*** Opening of Task material ***
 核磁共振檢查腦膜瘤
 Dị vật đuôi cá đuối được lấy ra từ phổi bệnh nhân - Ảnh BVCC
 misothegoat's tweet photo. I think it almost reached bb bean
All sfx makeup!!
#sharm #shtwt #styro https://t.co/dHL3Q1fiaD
*** Close of Task material ***
*** Opening of Task material ***
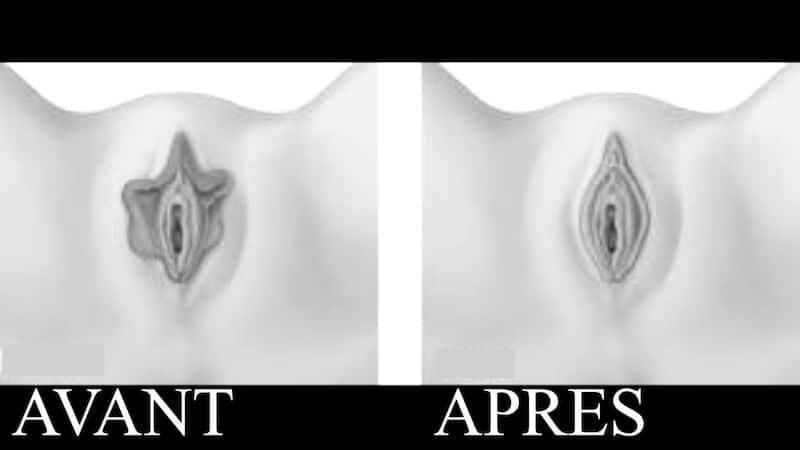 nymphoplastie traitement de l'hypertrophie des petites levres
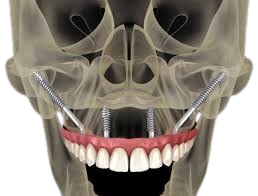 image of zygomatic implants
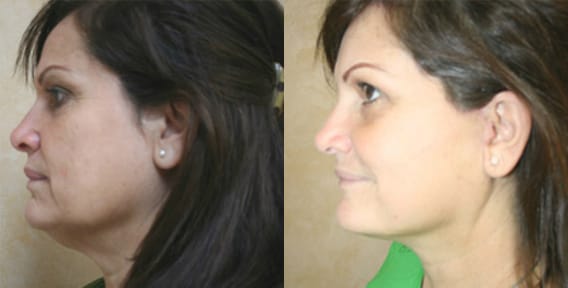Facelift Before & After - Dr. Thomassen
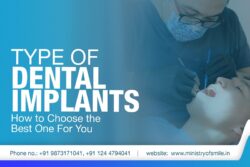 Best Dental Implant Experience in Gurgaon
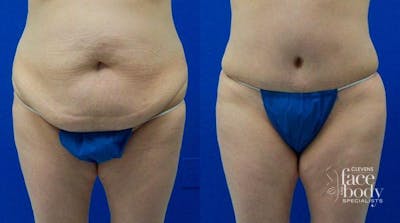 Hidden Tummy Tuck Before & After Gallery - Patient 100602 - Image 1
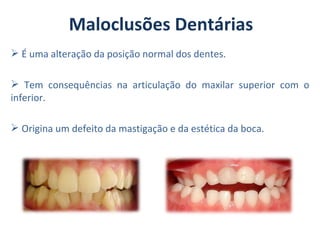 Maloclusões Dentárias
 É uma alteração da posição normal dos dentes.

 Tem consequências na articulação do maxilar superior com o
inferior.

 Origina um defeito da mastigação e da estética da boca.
*** Close of Task material ***
*** Opening of Task material ***
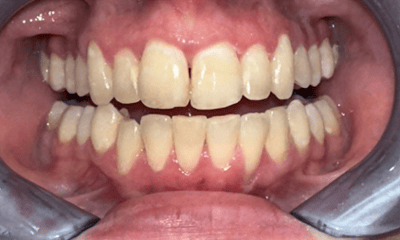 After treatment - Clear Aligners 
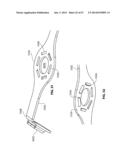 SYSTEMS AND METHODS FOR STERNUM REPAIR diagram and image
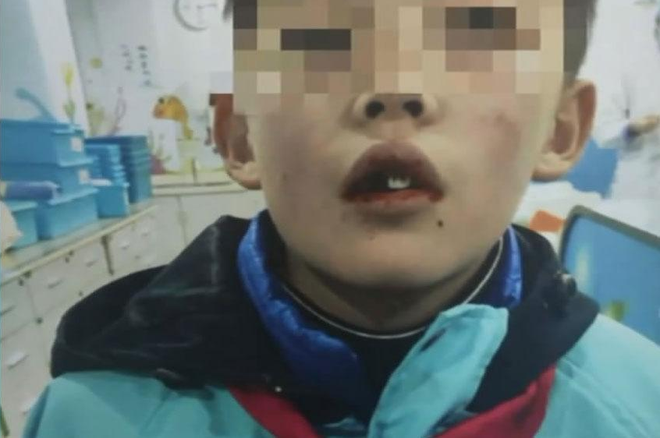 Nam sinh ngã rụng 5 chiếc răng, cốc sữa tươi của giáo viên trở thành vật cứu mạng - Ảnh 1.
*** Close of Task material ***
[Exercise instructions]
Using the material above, reproduce only the lines that run from the line with "Facelift Before & After - Dr. Thomassen" up to and including the line with "estética da boca.", exactly, with the pictures dropped.

[Finished exercise]
Facelift Before & After - Dr. Thomassen
 Best Dental Implant Experience in Gurgaon
 Hidden Tummy Tuck Before & After Gallery - Patient 100602 - Image 1
 Maloclusões Dentárias
 É uma alteração da posição normal dos dentes.

 Tem consequências na articulação do maxilar superior com o
inferior.

 Origina um defeito da mastigação e da estética da boca.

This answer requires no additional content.